With such a robust arsenal available to today's marketers, however, it can become quite tempting to report on every available piece of data. While much of this data is indeed important, only a small selection of them does a good job of gauging the impact of marketing and advertising effectiveness.
So your organization chose an analytical tool to measure its campaigns and website: What should your measurement be focused on? Key Performance Indicators (KPIs)!
KPIs and You
KPIs are metrics and insights that are used to measure the success of a website or campaign. These KPIs typically demonstrate the success of your website at accomplishing the tasks it was designed for. Check out the visual below for a nice little example:In order to identify KPIs for measurement, you must first determine the purpose of your organization's website or campaign. In the case of the above visual, the website exists to generate brand awareness, increase leads, and increase sales. Once you've identified these high-level goals, you must then look at what your analytical tool can measure and align the right metrics to the appropriate goals. For example, the amount of new visitors and direct traffic to the website are great indicators into its ability to generate brand awareness. Keep in mind that these KPIs shouldn't always be limited to a single tool! In some cases, they may even require insights into foot traffic (i.e. increases in foot traffic to a branch or ATM).

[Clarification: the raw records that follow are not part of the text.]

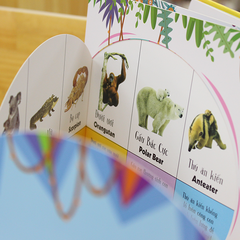 Sách Tương Tác Lật Mở Khám Phá Khổ lớn Lift-The-Flap - First 100 Animals - 100 từ đầu tiên về các loài động vật - Đinh Tị Books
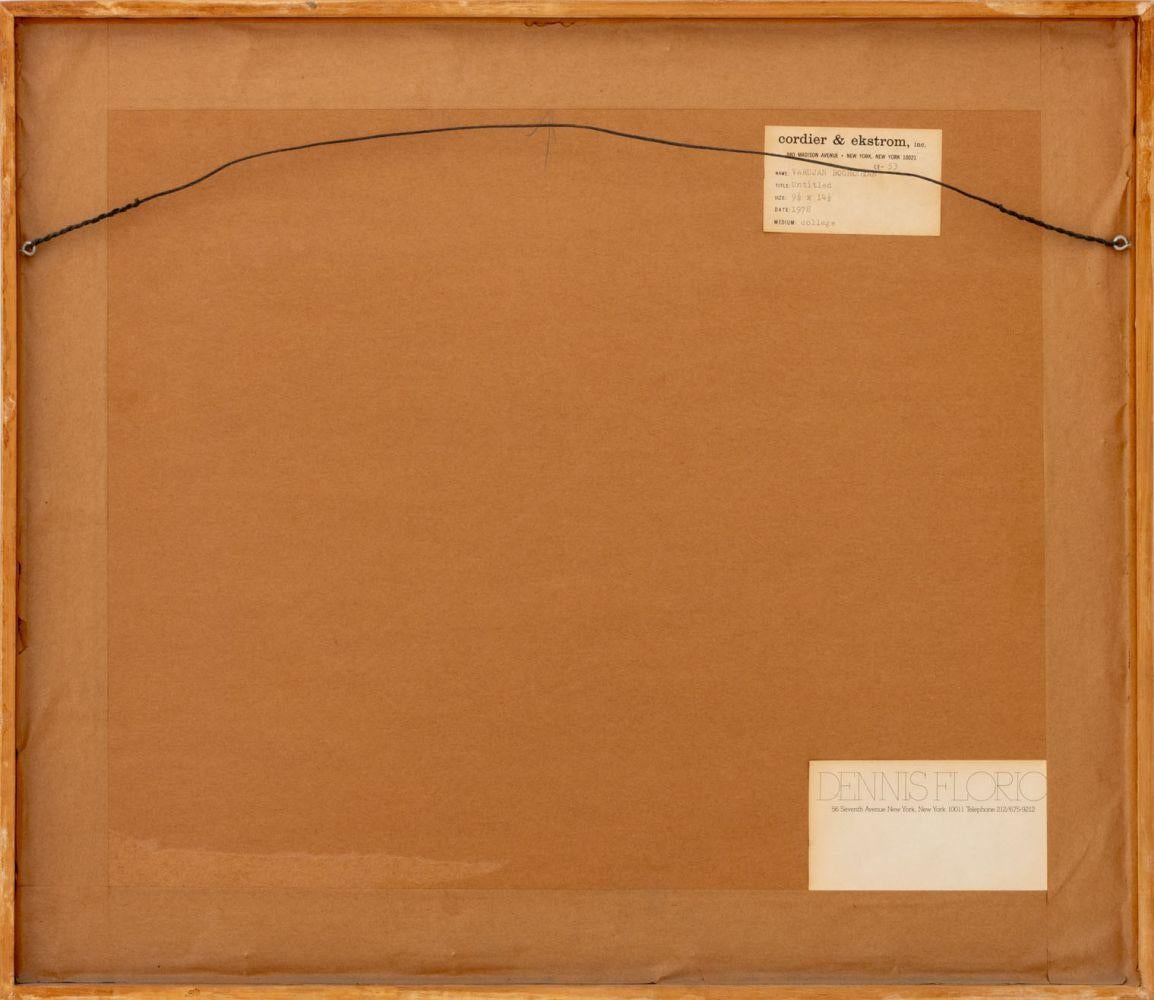 Untitled (Castle) Paper Collage For Sale 2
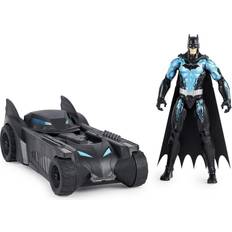 Superhelter Actionfigurer Spin Master Bat-Tech Batman+Batmobile 30cm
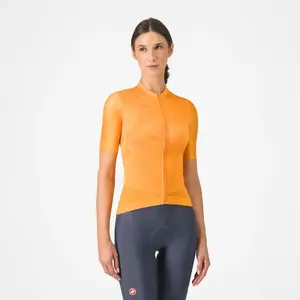 Castelli Fantasia Fietsshirt Korte Mouwen Oranje Dames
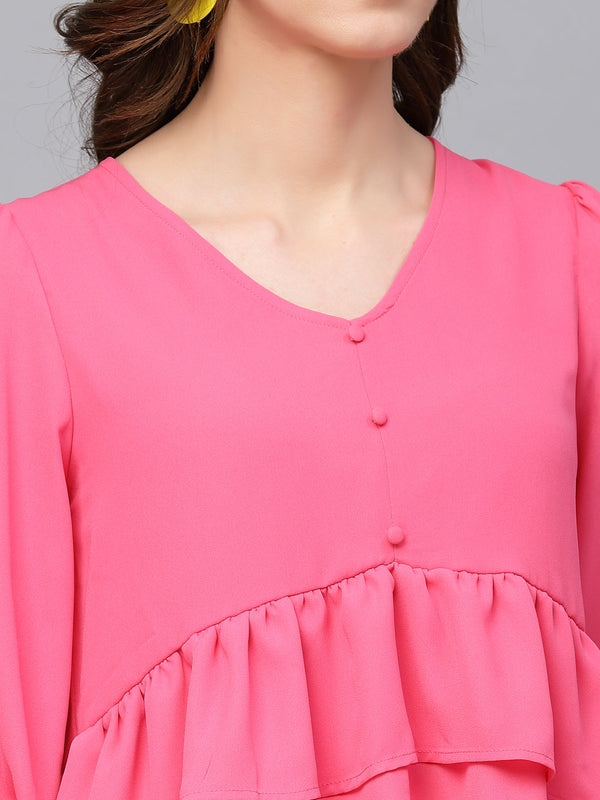 Gipsy Gipsy Fuchsia Georgette Blouse Fuchsia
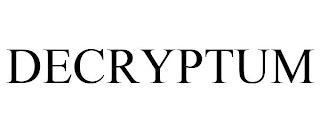 DECRYPTUM trademark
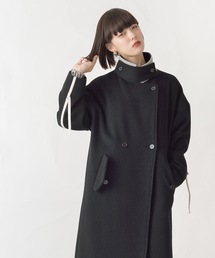 La SRIC | La SRIC / バイカラーネックロングCT/ウール100(その他アウター)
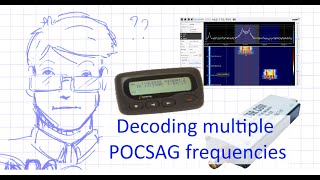 Decoding multiple POCSAG signal with SDR# and PDW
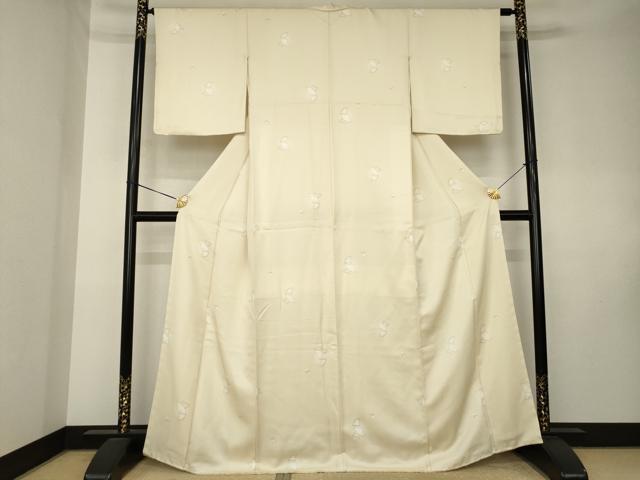平和屋着物●上質な小紋　銀杏　正絹　逸品　AABK7455ck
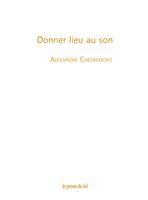   Donner lieu au son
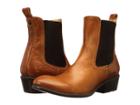 Frye Carson Chelsea (cognac Washed Antique Pull Up) Women's Boots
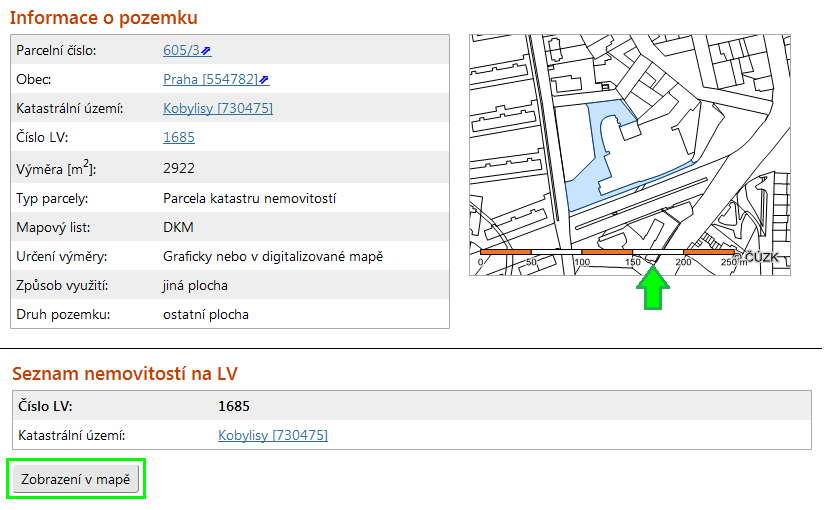 Práce s mapou Zobrazení mapy Mapa se standardně otvírá v novém okně prohlížeče.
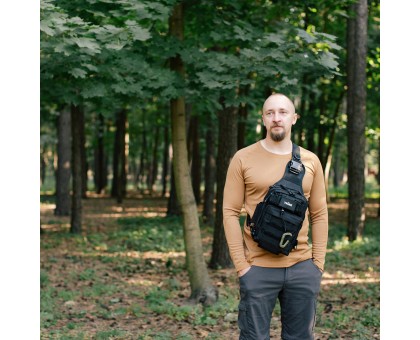 Сумка тактична через плече Tribe Sling Pack 6,5L Black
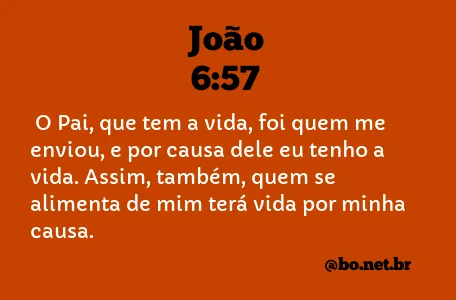 João 6:57 NTLH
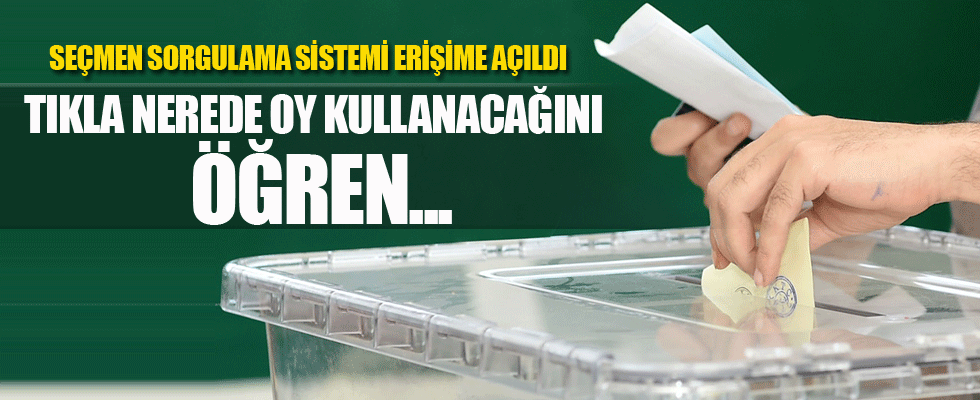 YSK seçmen sorgulama 2017 (Nerede oy kullanacağım?)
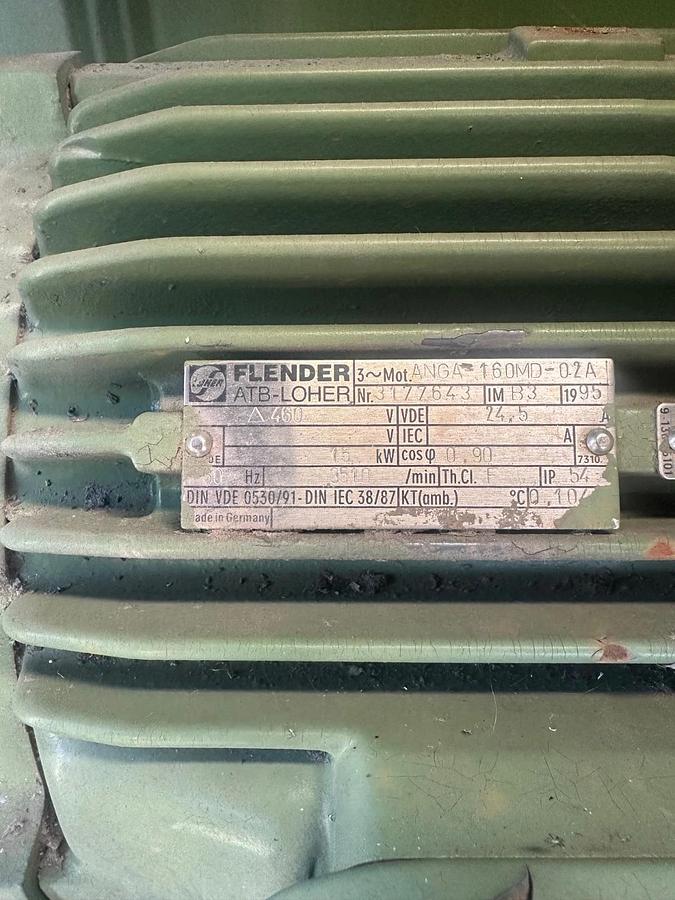 Used AUTEFA 13355 Up Blast CCW 360, 15KW @ 3510 RPM, 460V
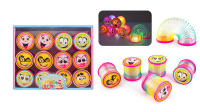 12只灯光彩虹圈 益智玩具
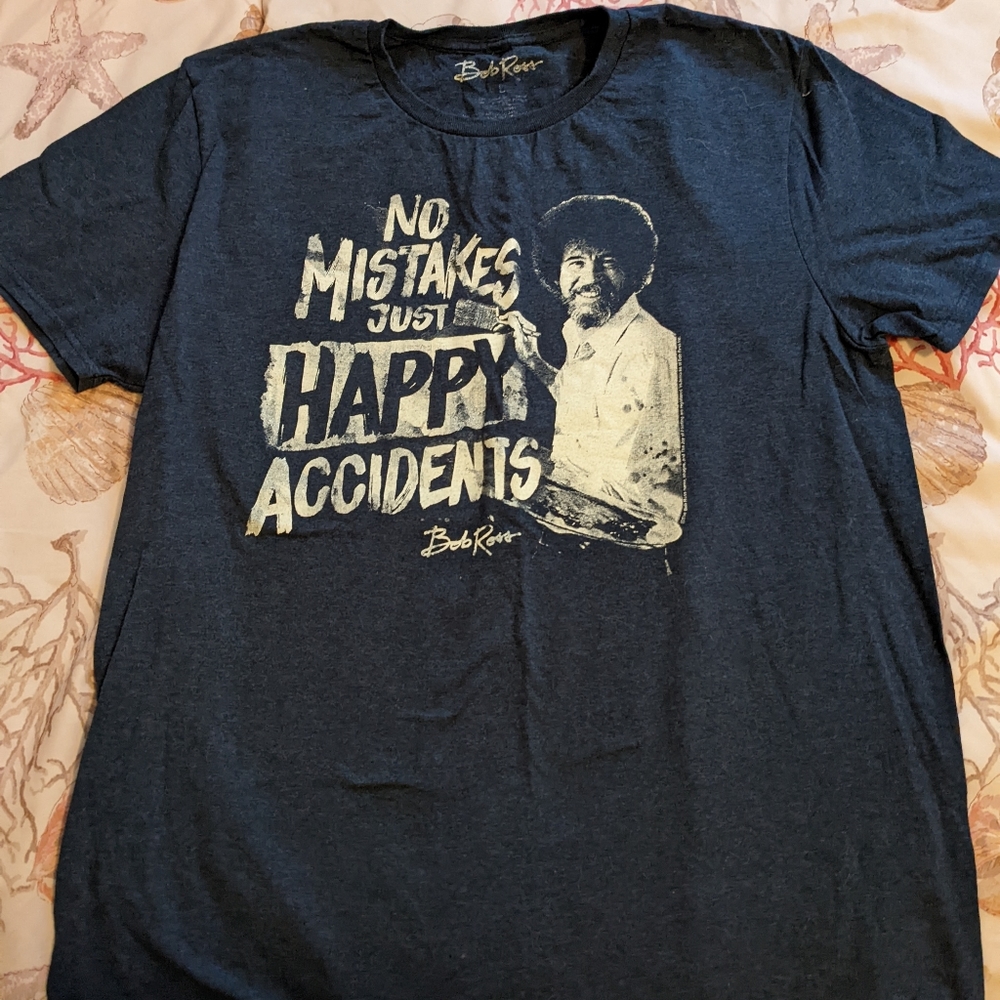 Bob Ross Happy Accidents T-shirt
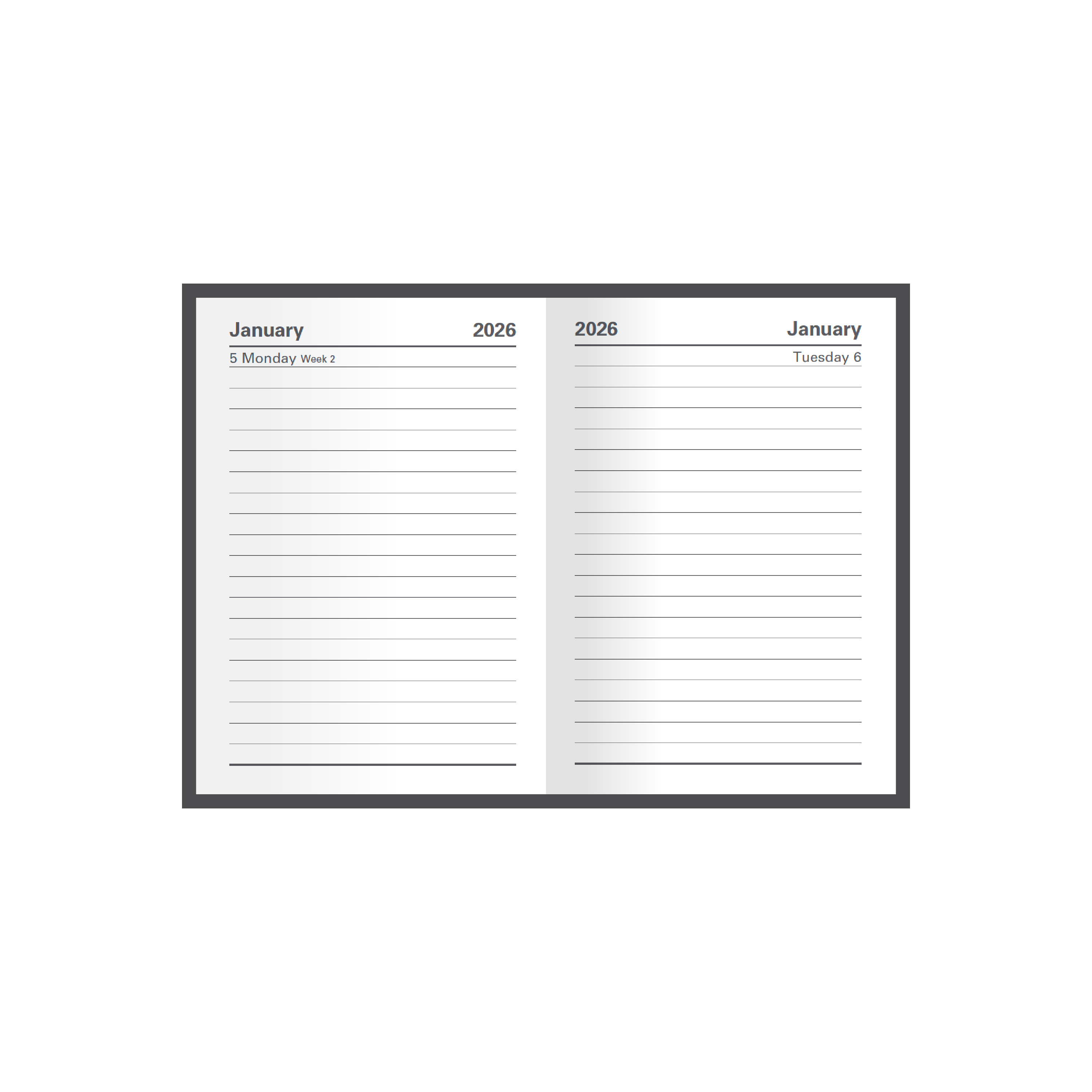 Kyoto Calendar Year 2026 Diary/Planner, Day to Page, A7 Hard Cover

Want to impress the decision-makers even more? Use those KPIs to demonstrate Return on Investment! The people with the power to allocate budgets and make decisions often glaze over when presented with standard metrics. While they will definitely be impressed with the KPIs you've come up with, showing them ROI on the marketing budget will knock the ball out of the park. This requires that you have visibility into profit margins for a given initiative. If that isn't readily available to you, you might want to find out how to get it!